Tag Archives: passive voice

The Long and Winding Sentence

you broke my sentence

You broke my sentence!

I read an eBook a few days ago called Writing Habit Mastery: How to Write 2,000 Words a Day and Forever Cure Writer’s Block by S.J. Scott.

It was a quickie book. I finished it an about an hour. Nothing really earth shattering or new about the book, but it clicked for me. He stressed the importance of putting words on paper every day no matter what. He also pointed out that our inner critic and editor keeps us from committing our thoughts to writing. We get so caught up in correcting and rewording our thoughts that we get hung up in editing and don’t produce.

Scott also stresses the ability to touch type and says if you don’t know how then learn. There are plenty of inexpensive software programs out there for that purpose. Hunting and pecking around the keyboard gets in the way of a fast and free flow of thoughts. I can touch type and with practice I’m getting even better and have almost reached the singularity where I can type as fast as I think. The only reason I don’t now is because I let that little editor devil sitting on my shoulder interrupt my thought with stuff like, “you left a comma out back there, woman. No one is going to take you seriously if you don’t even know how to punctuate.” My goal this week is to learn how to ignore my demons and brain storm my way through my first draft. It may come out as, “tundra…squirrel…candy…murderer…UPS Truck.” So what? That what’s editing is for.  I’m going to take S.J. Scott’s advice and leave the editing until after I finish my first draft.

Another thing Scott said was that Steven King writes 2,000 words every morning and then spends the rest of his day taking care of personal business, napping or whatever. Not sure if this is true or not but it sounds believable. So I said to myself, “hey, if Steven King can produce his copious amounts of books by doing a mere 2,000 words a morning then so can I!.” This statement probably does not make any sense to anyone other than me, but who cares? All I’m after here is what works for me.

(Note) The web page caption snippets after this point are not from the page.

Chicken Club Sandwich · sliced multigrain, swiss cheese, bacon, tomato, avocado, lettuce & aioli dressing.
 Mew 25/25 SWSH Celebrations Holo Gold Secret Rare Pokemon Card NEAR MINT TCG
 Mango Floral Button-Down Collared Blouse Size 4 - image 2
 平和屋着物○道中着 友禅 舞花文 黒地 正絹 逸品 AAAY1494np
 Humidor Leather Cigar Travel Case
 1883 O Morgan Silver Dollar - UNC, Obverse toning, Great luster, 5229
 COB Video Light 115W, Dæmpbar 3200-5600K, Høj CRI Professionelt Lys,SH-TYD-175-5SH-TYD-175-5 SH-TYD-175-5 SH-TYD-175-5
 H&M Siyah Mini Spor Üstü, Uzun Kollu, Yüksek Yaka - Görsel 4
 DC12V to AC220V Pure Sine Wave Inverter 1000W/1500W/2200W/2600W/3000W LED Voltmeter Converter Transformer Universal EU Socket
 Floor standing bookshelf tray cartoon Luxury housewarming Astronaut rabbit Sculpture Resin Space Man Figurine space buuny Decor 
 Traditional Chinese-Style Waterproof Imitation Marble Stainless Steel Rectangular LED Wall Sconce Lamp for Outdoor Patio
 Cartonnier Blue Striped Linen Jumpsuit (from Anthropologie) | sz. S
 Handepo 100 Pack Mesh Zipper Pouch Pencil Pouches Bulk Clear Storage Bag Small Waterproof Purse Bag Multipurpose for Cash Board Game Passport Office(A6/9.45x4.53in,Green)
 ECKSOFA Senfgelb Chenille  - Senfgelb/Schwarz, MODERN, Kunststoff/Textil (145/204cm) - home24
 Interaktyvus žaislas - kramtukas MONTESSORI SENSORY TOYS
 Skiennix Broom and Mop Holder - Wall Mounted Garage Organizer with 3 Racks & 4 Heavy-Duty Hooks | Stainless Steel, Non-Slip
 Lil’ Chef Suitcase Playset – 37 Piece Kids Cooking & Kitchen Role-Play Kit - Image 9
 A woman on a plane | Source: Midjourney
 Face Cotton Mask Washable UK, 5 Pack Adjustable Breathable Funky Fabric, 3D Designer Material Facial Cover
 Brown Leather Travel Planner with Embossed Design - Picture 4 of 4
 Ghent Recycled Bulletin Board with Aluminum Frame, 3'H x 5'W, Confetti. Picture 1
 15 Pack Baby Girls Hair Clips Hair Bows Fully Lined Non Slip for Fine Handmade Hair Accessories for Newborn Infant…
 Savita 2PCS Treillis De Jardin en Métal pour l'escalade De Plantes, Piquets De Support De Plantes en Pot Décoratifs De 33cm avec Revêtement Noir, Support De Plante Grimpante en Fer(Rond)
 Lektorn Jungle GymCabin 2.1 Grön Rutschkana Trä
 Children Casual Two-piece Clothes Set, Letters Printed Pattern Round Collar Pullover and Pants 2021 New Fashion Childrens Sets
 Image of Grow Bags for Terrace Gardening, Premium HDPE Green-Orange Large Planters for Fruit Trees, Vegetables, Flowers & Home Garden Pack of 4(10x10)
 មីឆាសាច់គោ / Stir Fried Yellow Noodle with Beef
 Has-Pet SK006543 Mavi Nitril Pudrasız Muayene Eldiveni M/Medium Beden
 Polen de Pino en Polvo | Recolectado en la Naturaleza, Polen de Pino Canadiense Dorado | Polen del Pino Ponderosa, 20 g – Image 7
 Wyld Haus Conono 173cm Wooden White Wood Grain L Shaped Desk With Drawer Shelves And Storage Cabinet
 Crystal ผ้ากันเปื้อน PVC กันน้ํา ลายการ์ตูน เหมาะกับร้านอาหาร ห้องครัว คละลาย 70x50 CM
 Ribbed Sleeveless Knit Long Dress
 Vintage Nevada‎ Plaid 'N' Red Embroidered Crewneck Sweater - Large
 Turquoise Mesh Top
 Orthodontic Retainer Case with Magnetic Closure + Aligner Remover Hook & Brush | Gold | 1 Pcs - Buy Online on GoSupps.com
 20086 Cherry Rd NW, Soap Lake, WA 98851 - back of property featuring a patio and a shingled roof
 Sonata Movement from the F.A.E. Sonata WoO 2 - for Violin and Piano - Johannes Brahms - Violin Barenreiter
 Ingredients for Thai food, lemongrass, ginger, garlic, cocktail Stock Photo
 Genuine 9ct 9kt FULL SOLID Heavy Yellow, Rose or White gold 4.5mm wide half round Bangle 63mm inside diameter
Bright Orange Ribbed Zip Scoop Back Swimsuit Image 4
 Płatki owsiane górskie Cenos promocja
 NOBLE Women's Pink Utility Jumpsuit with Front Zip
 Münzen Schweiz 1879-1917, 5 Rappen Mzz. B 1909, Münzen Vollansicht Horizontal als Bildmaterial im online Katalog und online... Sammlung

I’ve managed the 2,000 words a morning for 4 days in a row now and I feel pretty damned good. 4 days does not a good habit make, but it’s a start.  And it’s much more fun goofing off the rest of the day or taking care of 45 piddly errands when you have a sense of accomplishment under your belt.

And now the topic of editing. I don’t need to read a book about writing to know that EDITING IS IMPORTANT. Merrily skipping over this step is not OK. Mr. Husband and I have been snowed in for the past few days. I ended up using him as a sounding board because he was the only human I had access too. I could have called someone, but they wouldn’t see my arm movements or see me ripping my hair out.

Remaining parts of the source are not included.